Thx for sharing it Mr Bond....

T159 yeah had a similar incident too when i was in school writing record notes...neva bled but cut the top layer of skin


----------



## dheeraj_kumar (May 28, 2008)

So what...? My logitech corded mouse can strangle people!


----------



## desiibond (May 28, 2008)

^^lol.


----------



## MetalheadGautham (May 28, 2008)

dheeraj_kumar said:


> So what...? My logitech corded mouse can strangle people!


+1
and my acer monitor can kill people by dropping on their heads


----------



## Pathik (May 28, 2008)

Yea. With just 1 USB port, no optical drive and the slowww 4200RPM drives, those losers had to start finding alternate uses.


----------



## ray|raven (May 28, 2008)

*gigasmilies.googlepages.com/24.gif


----------



## ico (May 28, 2008)

Pathik said:


> Yea. With just 1 USB port, no optical drive and the slowww 4200RPM drives, those losers had to start finding alternate uses.


Yeah....ROFL...


----------



## kumarmohit (May 28, 2008)

So now ppl are giving their blood to Jobs, literally and figuratively!


----------



## SunnyChahal (May 28, 2008)

My Cabinet(CPU which some people call it) can prove to be fatal if falls on someone.Its fuggin around 10 kGs!


----------



## hullap (May 28, 2008)

OMG


----------



## dheeraj_kumar (May 28, 2008)

Sunny1211993 said:


> My Cabinet(CPU which some people call it) can prove to be fatal if falls on someone.Its fuggin around 10 kGs!

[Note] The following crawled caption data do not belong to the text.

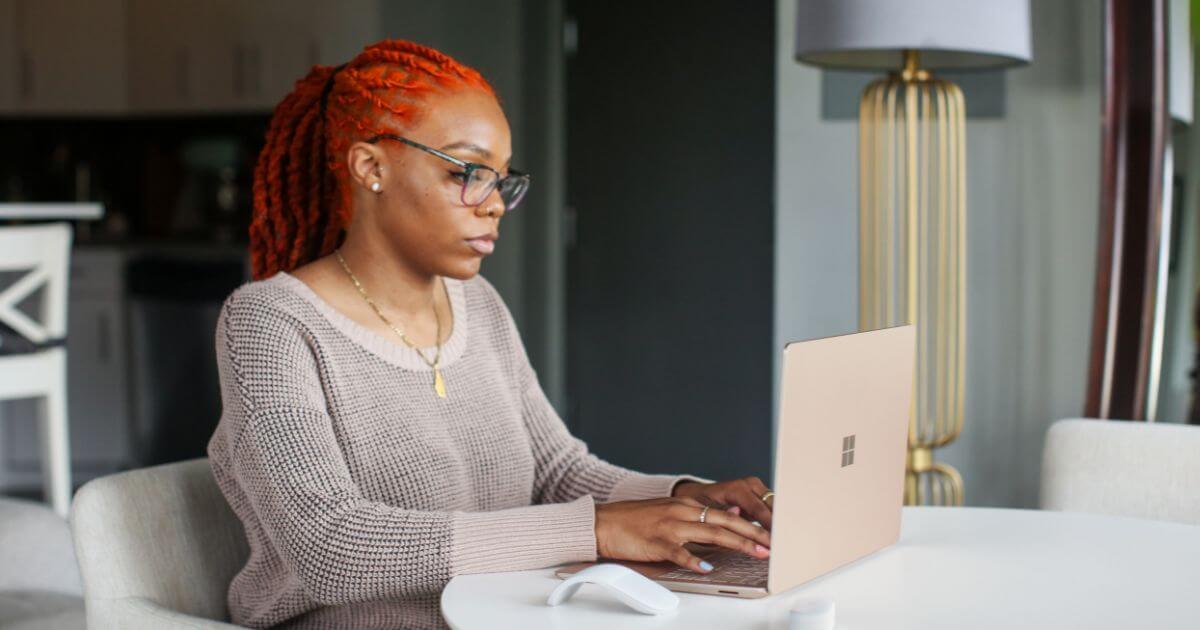 featured article image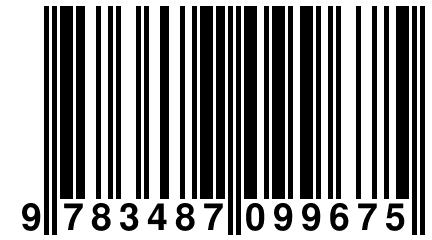 9 783487 099675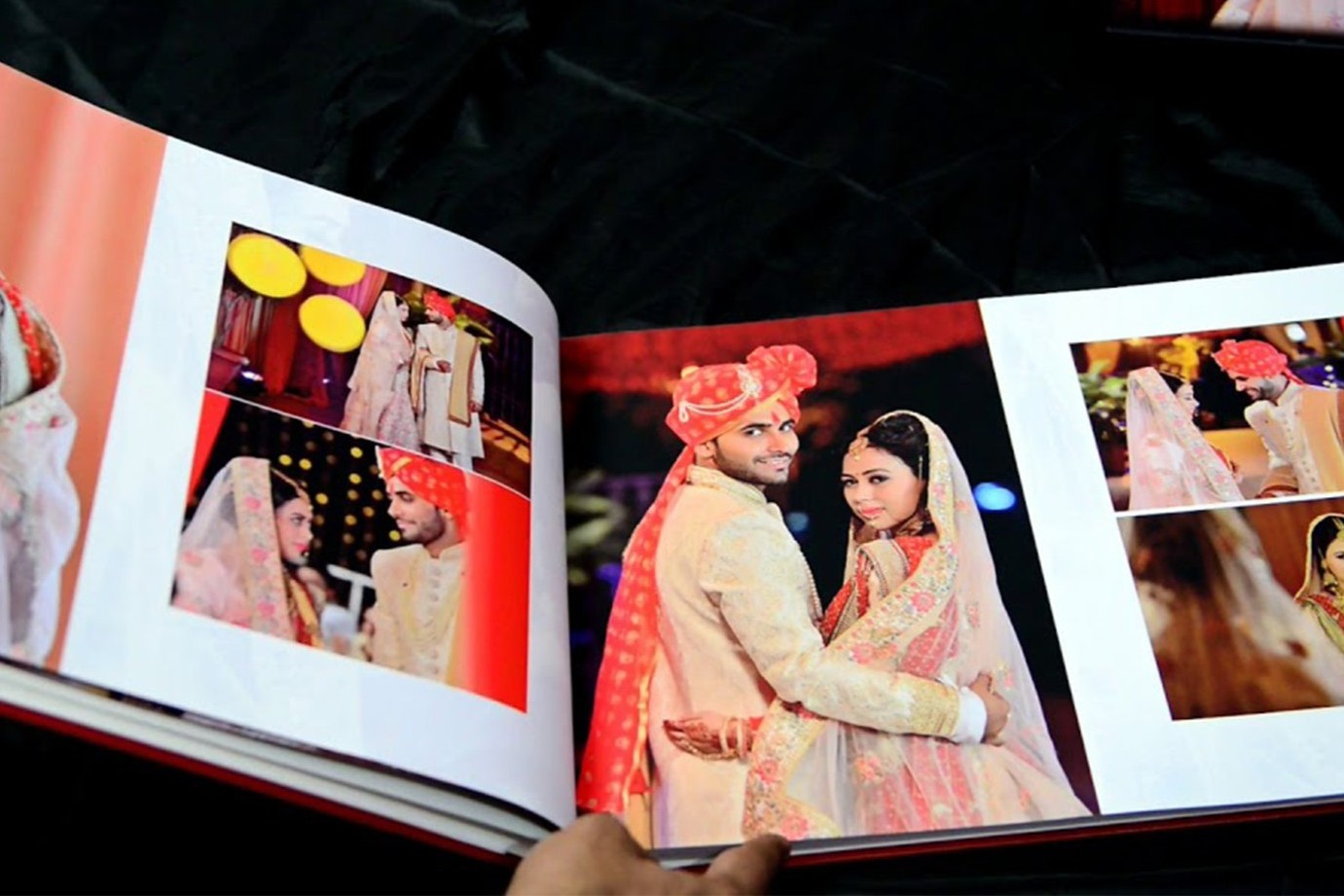 karizma-wedding-album-design-service-1-1.jpg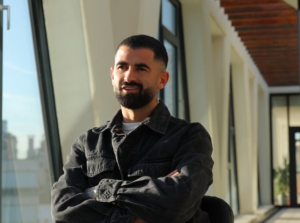 “vit-pozitiv,-ndeshja-ndaj-serbise-me-e-mira”,-flet-hysaj:-ndaj-polonise-gjithcka-mund-te-ndodhe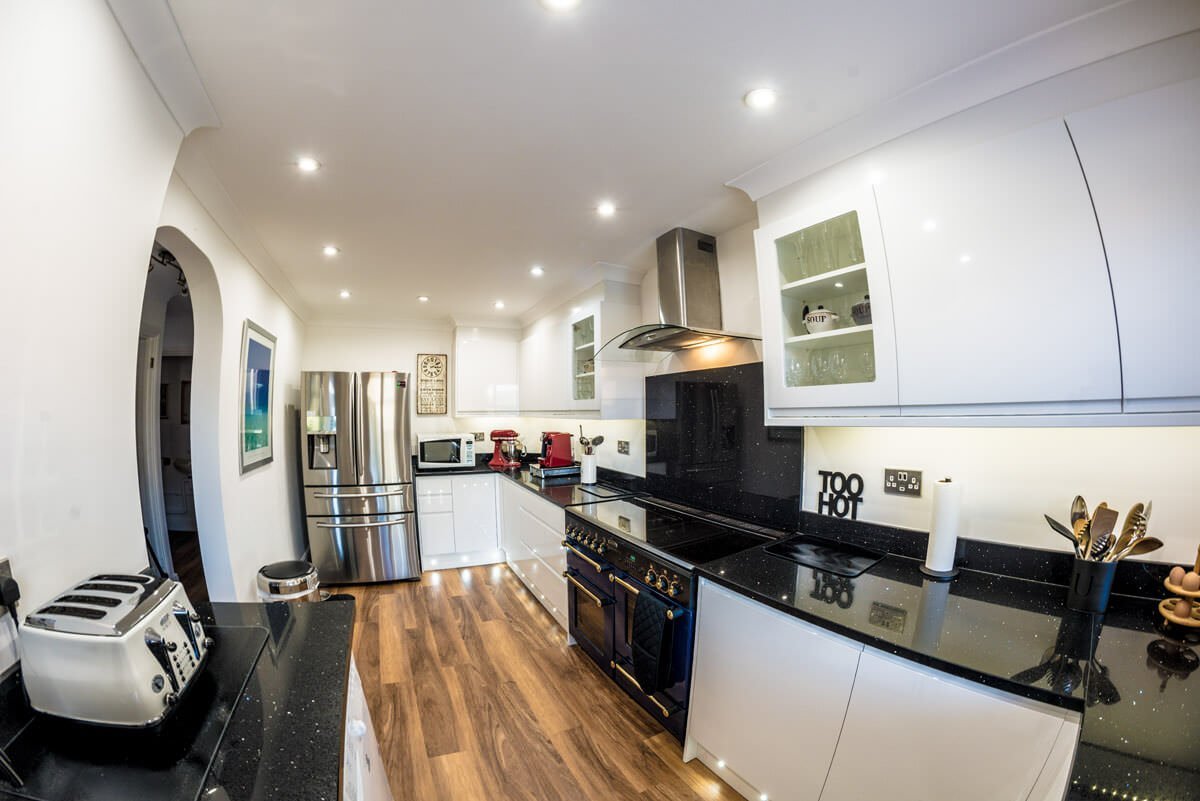 silestone-negro-stellar-160314-160601-a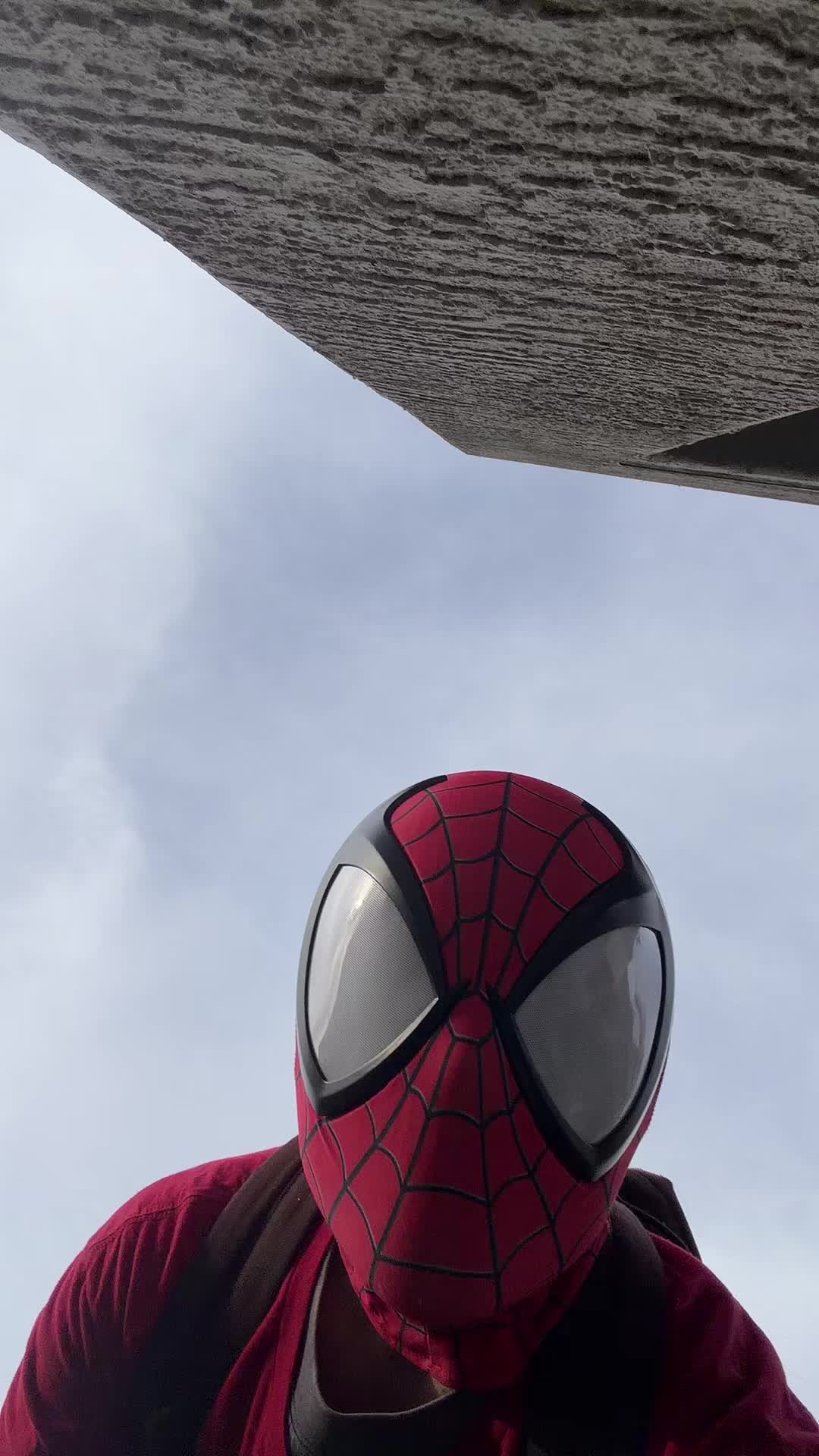 @huck_spiderman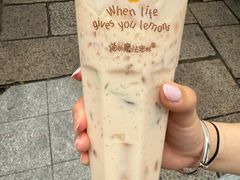 -猫的魔法密林(衣裳街店)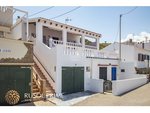 3 bedrooms House in Mahon, Spain No. 5087 - Image 3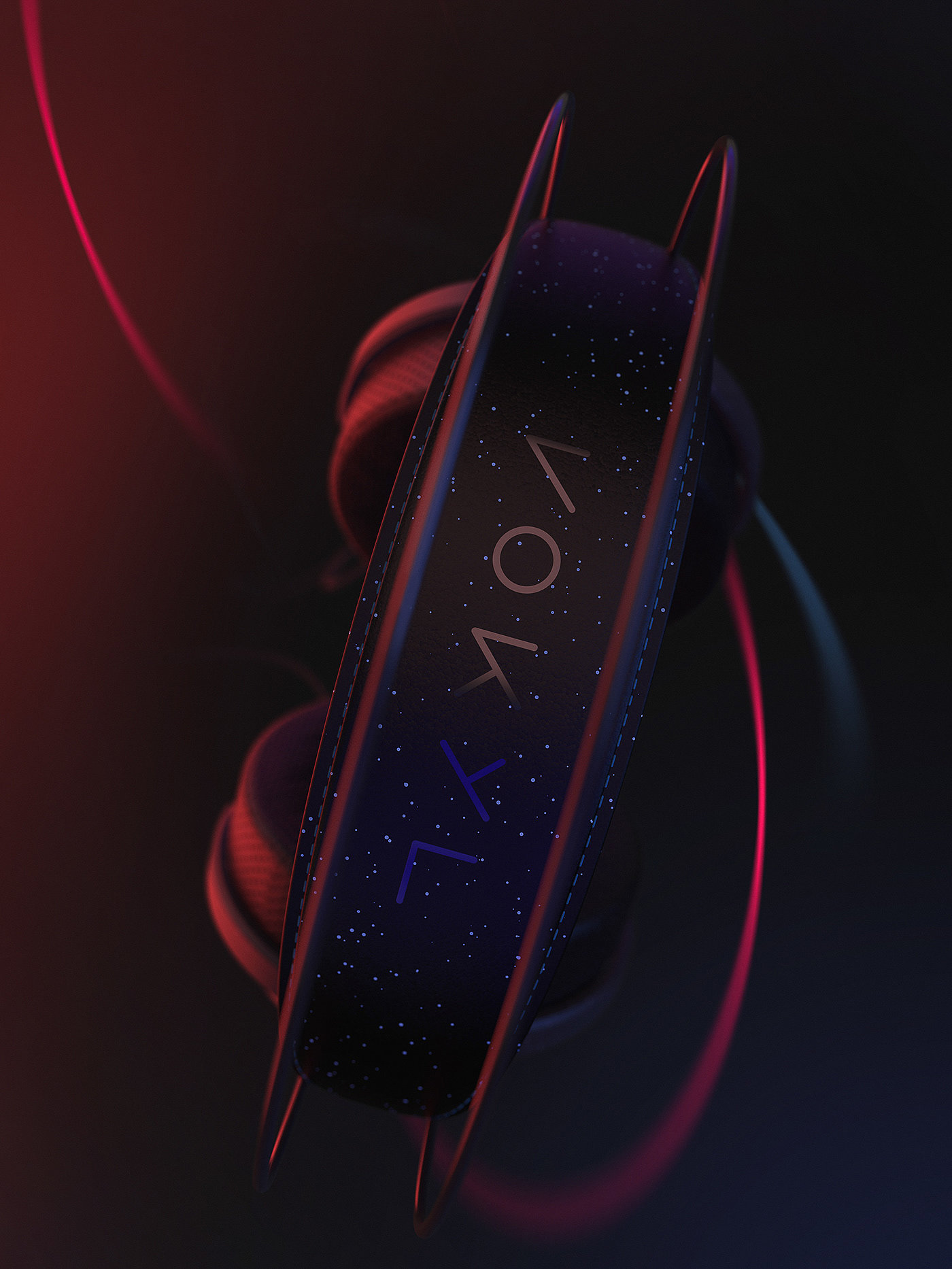 video game，game，Volk，headset，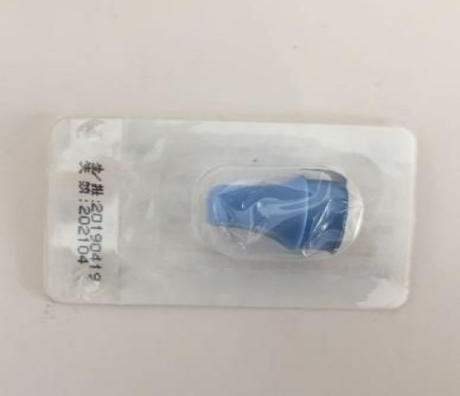 mmdc2 一次性使用输液接头消毒帽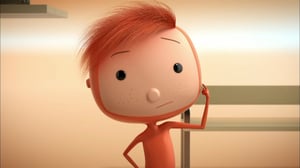 Mitä ihmettä? (S): 05.02.2016 18.00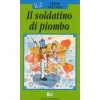 Il soldatino di piombo + CD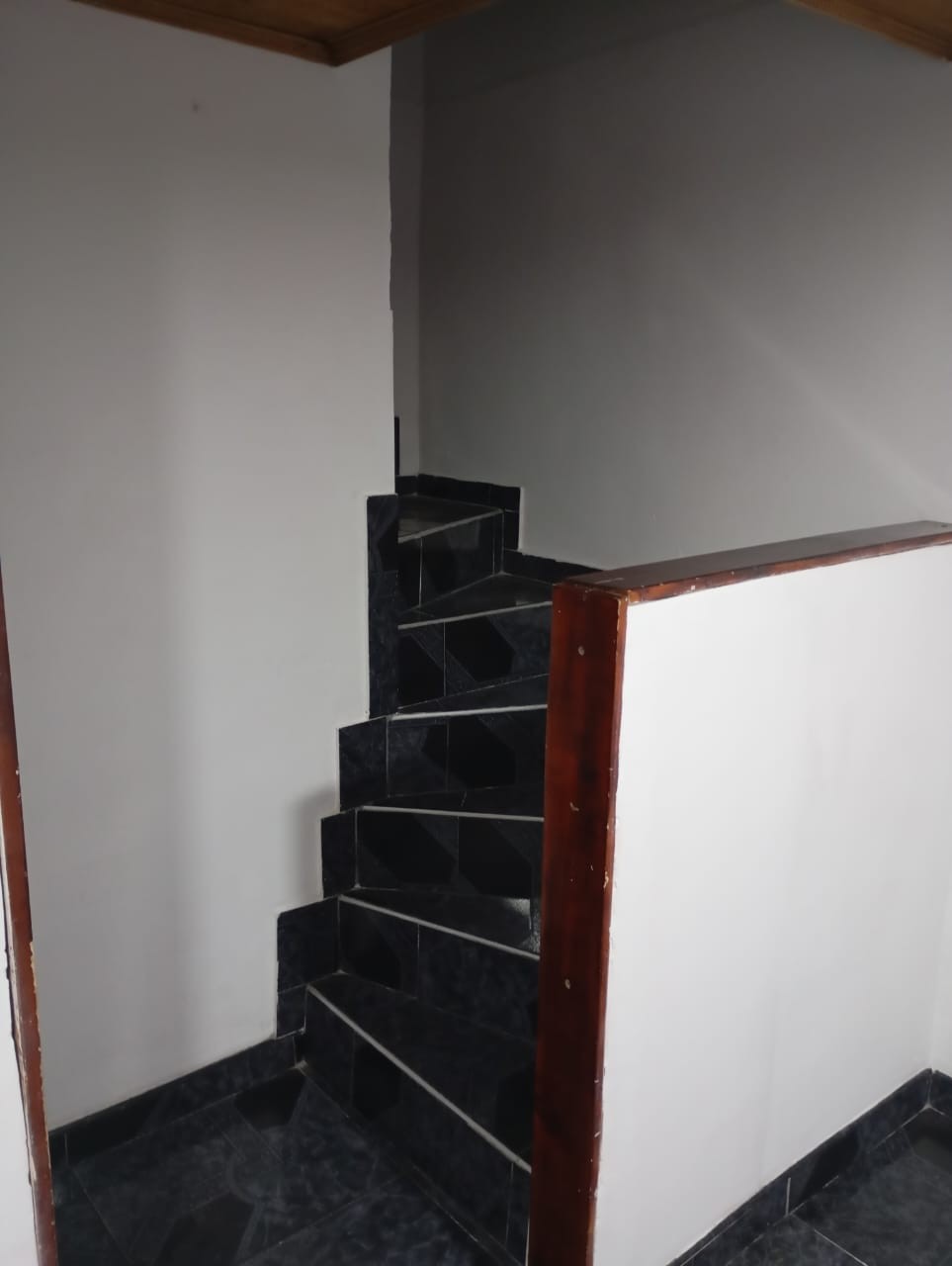 Casa en venta en Tierra Buena, Bogotá · foto 7 de 20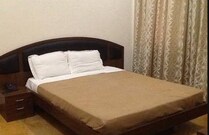 Hotel Heritage Embassy, Nagpur Hotel Heritage Embassy, Nagpur
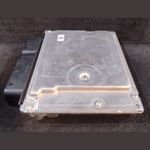 Load image into Gallery viewer, BMW X3 E83 LCI X3 2.0d N47 ENGINE CONTROL MODULE ECM DDE 7809196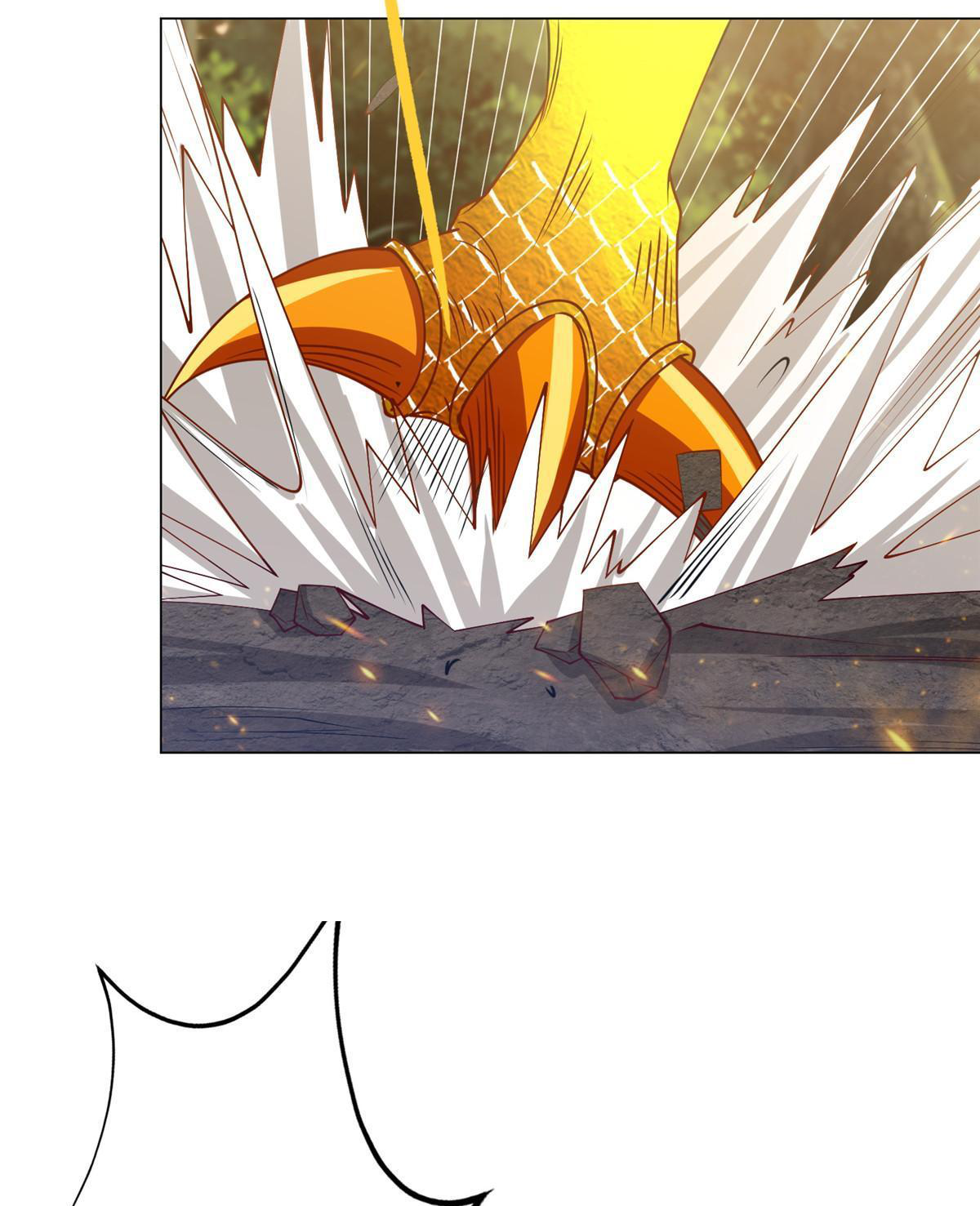 (ชนจีน) Dragon Master (จูหมิง นักรบเซียนมังกร) ตอนที่ 157 หน้า 47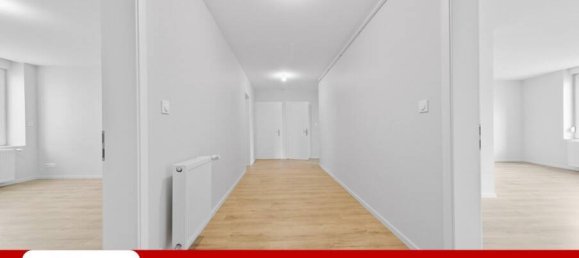 Apartamento T2 em Boulay-Moselle, France N.º 238241 2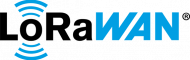 LoRaWAN_Logo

What, you keep your dumbells in there too?


----------



## SunnyChahal (May 28, 2008)

^^
not much just a mobo,CPU,2GPUs(heavy ones),HDDs, PSU(bulky)the cabinet itself is very heavy!


----------



## khattam_ (May 28, 2008)

Pathik said:


> Yea. With just 1 USB port, no optical drive and the slowww 4200RPM drives, those losers had to start finding alternate uses.


----------



## BBThumbHealer (May 28, 2008)

Interesting Article ! ROFL


----------



## dOm1naTOr (May 28, 2008)

Agent 47 will find it more useful. No one will suspect while he can use as kitchen knife.


----------



## nvidia (May 28, 2008)

My graphics card can burn you all at 109C!


----------



## krates (May 28, 2008)

my comp speaker can blow someone ears


----------



## dOm1naTOr (May 28, 2008)

My PC works on electricity which cud fry a chicken. And My PC has some fans rotating fast which cud cut a lizard by half. Also my woofer can blow away as much as 10~20 mosquitos at one time.
And if i sleep keeping my monitor close to me then there are chances it cud kill me[a 17" flat CRT weighing bout 20KG].
All this shows that using a system like mine is no child's play


----------



## dheeraj_kumar (May 28, 2008)

^^ Well, You're saving some money, man! 
1. You cut down on cooking gas, since all your chicken is fried by your pc. 
2. No Good-Knight and Mortein and All-Out needed, your woofer does those stuff.
3. Only one disadvantage... you need more cleaning liquid for the mess after the lizard is cut...

So that compensates it, you arent really saving money


----------



## Faun (May 29, 2008)

mine SMPS actually killed and fried a lizard, fortunately the SMPS still works


----------



## blueshift (May 29, 2008)

lol funny!


----------



## aditya.shevade (May 29, 2008)

people would never understand....


----------



## ring_wraith (May 29, 2008)

Who says we aren't creative?


----------



## aryayush (May 29, 2008)

Pathik said:


> Yea. With just 1 USB port, no optical drive and the slowww 4200RPM drives, those losers had to start finding alternate uses.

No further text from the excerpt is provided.